= What you are asked to do =
Please output the listing exactly as it stands, but omit any images.

= Data provided =

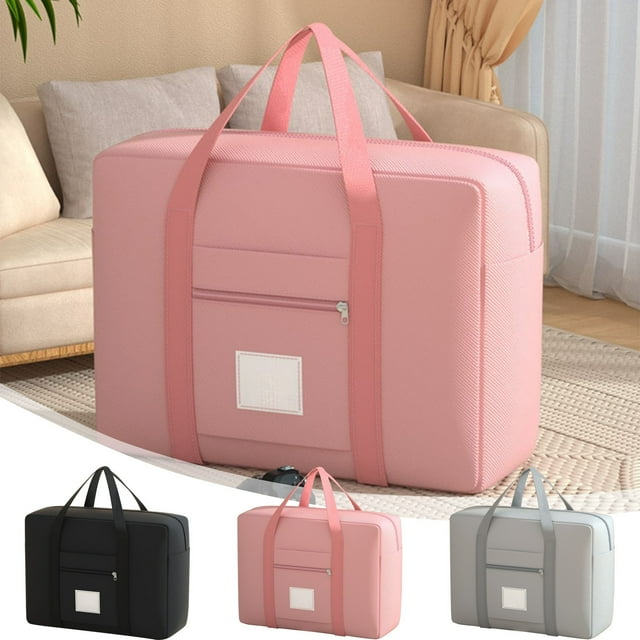Fiudx Bolsa de Almacenamiento de Viaje, Diseño Plegable E Impermeable, Gran Capacidad para Ropa y Equipaje, Reutilizable y Duradera, Organizadora de Viajes, Mudanzas, Uso Versátil, 37 X 30 X 13 Cm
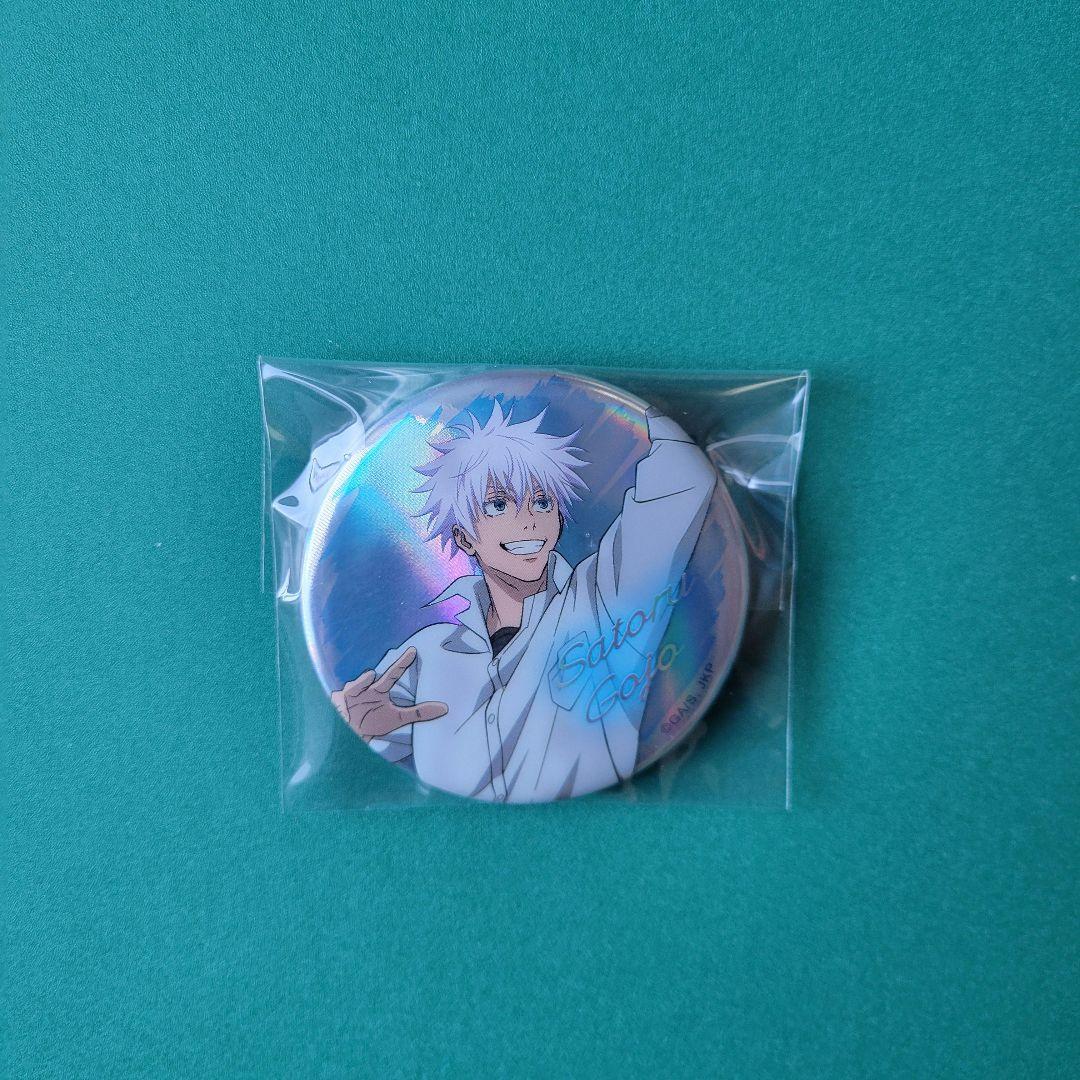 呪術廻戦 五条悟 トレーディングオーロラバスケ缶バッジ - メルカリ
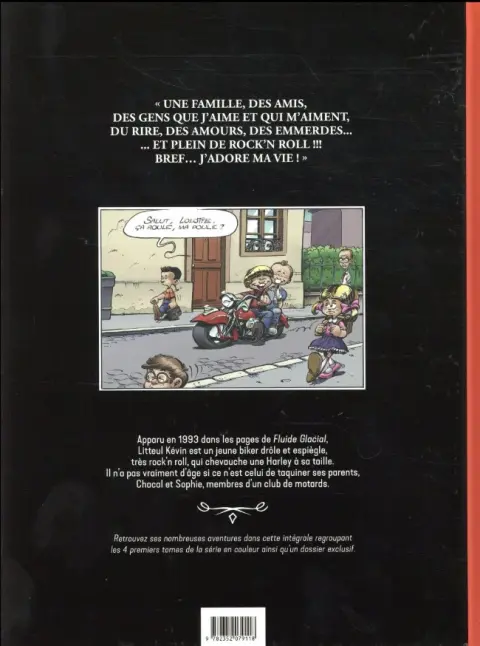 Verso de l'album Litteul Kévin Intégrale Ultime Édition Vol. 1 Tomes 1 à 4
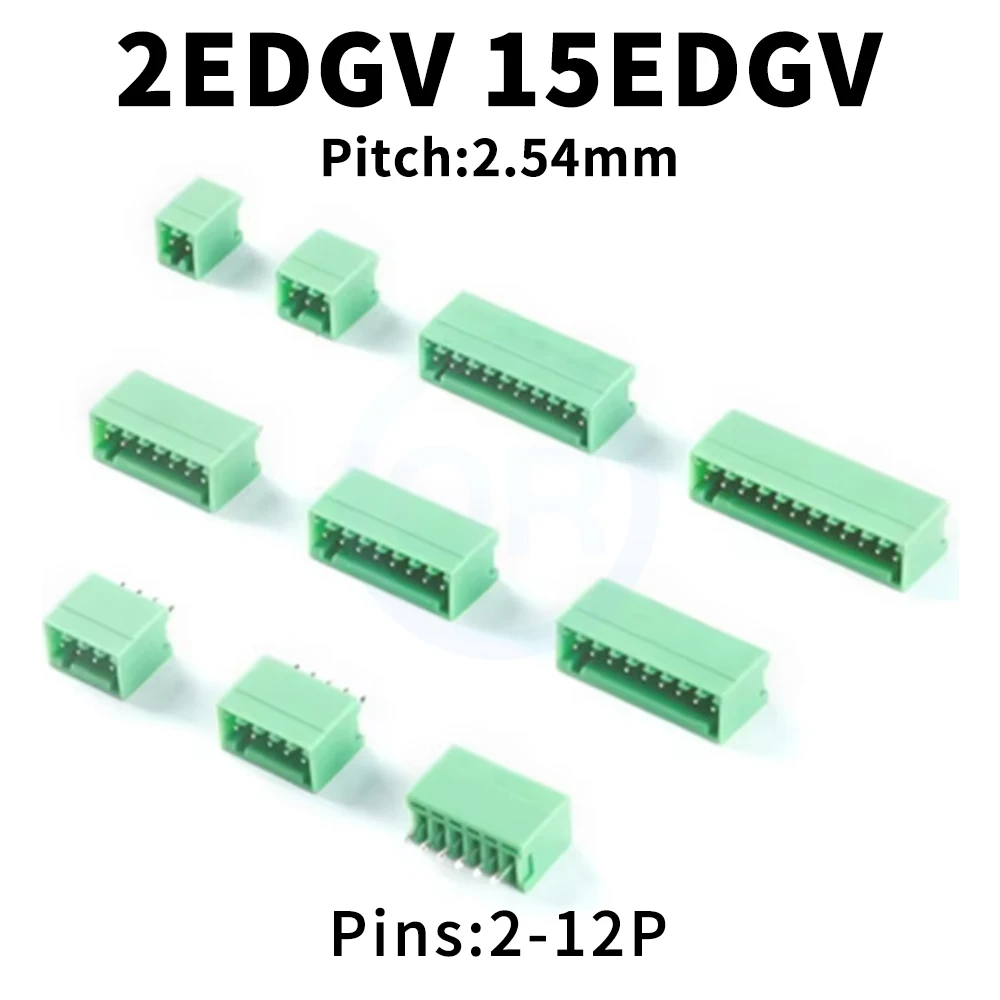 

(10 шт.) KF 2EDGV 2,54 мм 2P 3P 4P ~ 12P Разъемный блок 2EDGV-2,54 Шаг прямой контакт 15EDGV 2,54 мм 2 ~ 12P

= Answer to this problem =
Fiudx Bolsa de Almacenamiento de Viaje, Diseño Plegable E Impermeable, Gran Capacidad para Ropa y Equipaje, Reutilizable y Duradera, Organizadora de Viajes, Mudanzas, Uso Versátil, 37 X 30 X 13 Cm
 呪術廻戦 五条悟 トレーディングオーロラバスケ缶バッジ - メルカリ
 Verso de l'album Litteul Kévin Intégrale Ultime Édition Vol. 1 Tomes 1 à 4

(10 шт.) KF 2EDGV 2,54 мм 2P 3P 4P ~ 12P Разъемный блок 2EDGV-2,54 Шаг прямой контакт 15EDGV 2,54 мм 2 ~ 12P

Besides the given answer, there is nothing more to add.